Begin at the line that has "Zebra Pattern Cupcakes", stop after the line that has "Huawei P10 Plus", and print exactly those lines from the records below, without any pictures.

**Material provided:**
....

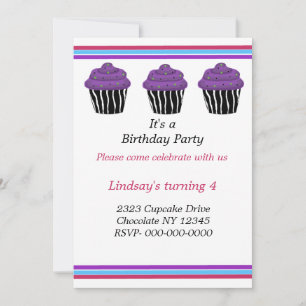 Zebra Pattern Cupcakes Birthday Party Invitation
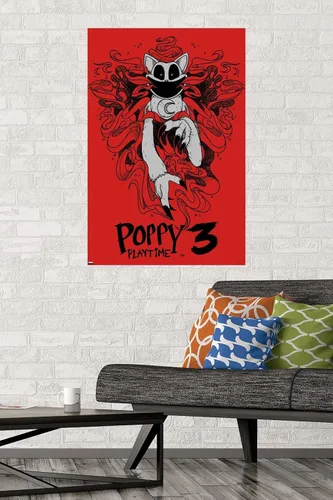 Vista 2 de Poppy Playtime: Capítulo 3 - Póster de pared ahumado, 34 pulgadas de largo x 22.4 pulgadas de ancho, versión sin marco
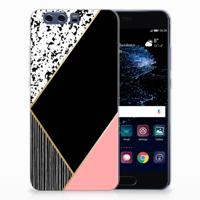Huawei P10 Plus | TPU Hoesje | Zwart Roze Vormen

....

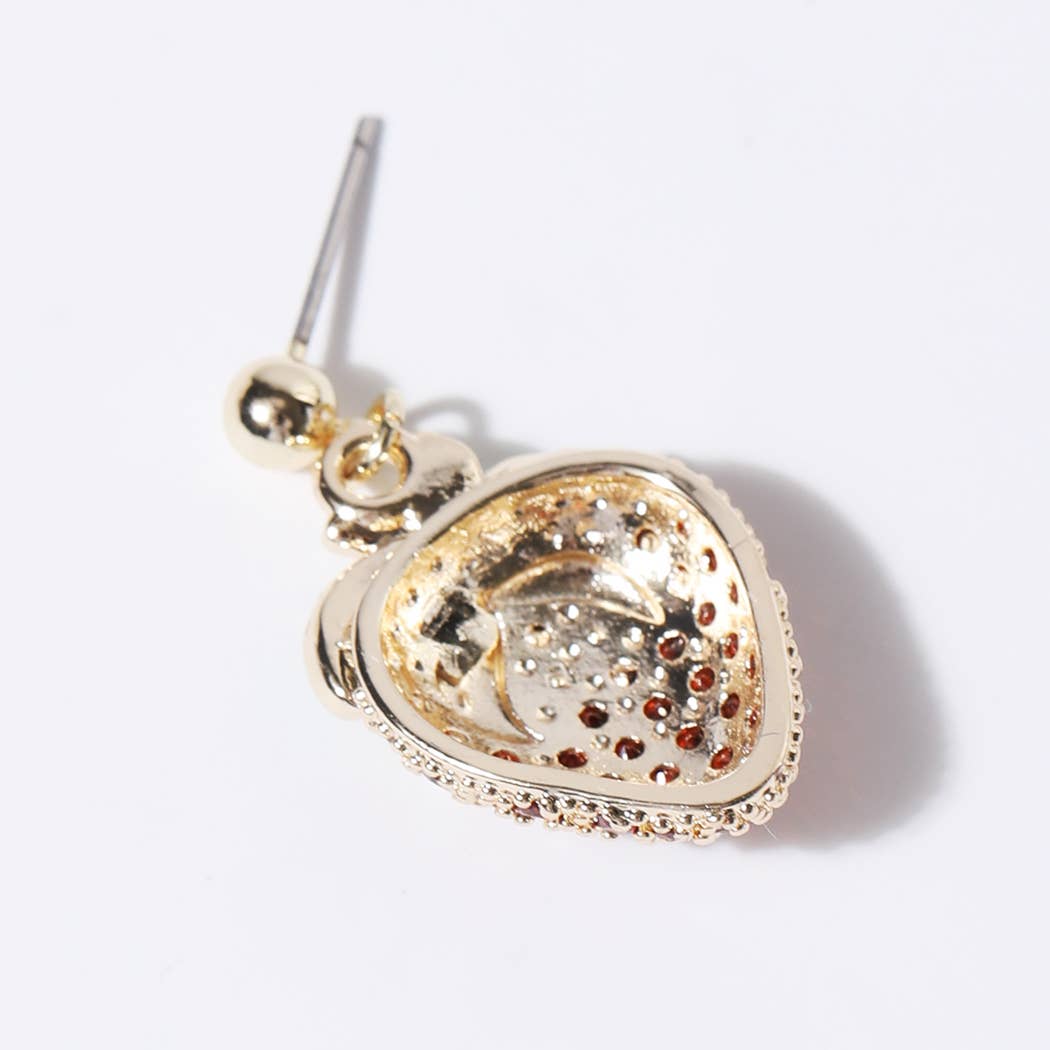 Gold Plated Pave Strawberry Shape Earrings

....

**Exercise output:**
 Zebra Pattern Cupcakes Birthday Party Invitation
 Vista 2 de Poppy Playtime: Capítulo 3 - Póster de pared ahumado, 34 pulgadas de largo x 22.4 pulgadas de ancho, versión sin marco
Huawei P10 Plus | TPU Hoesje | Zwart Roze Vormen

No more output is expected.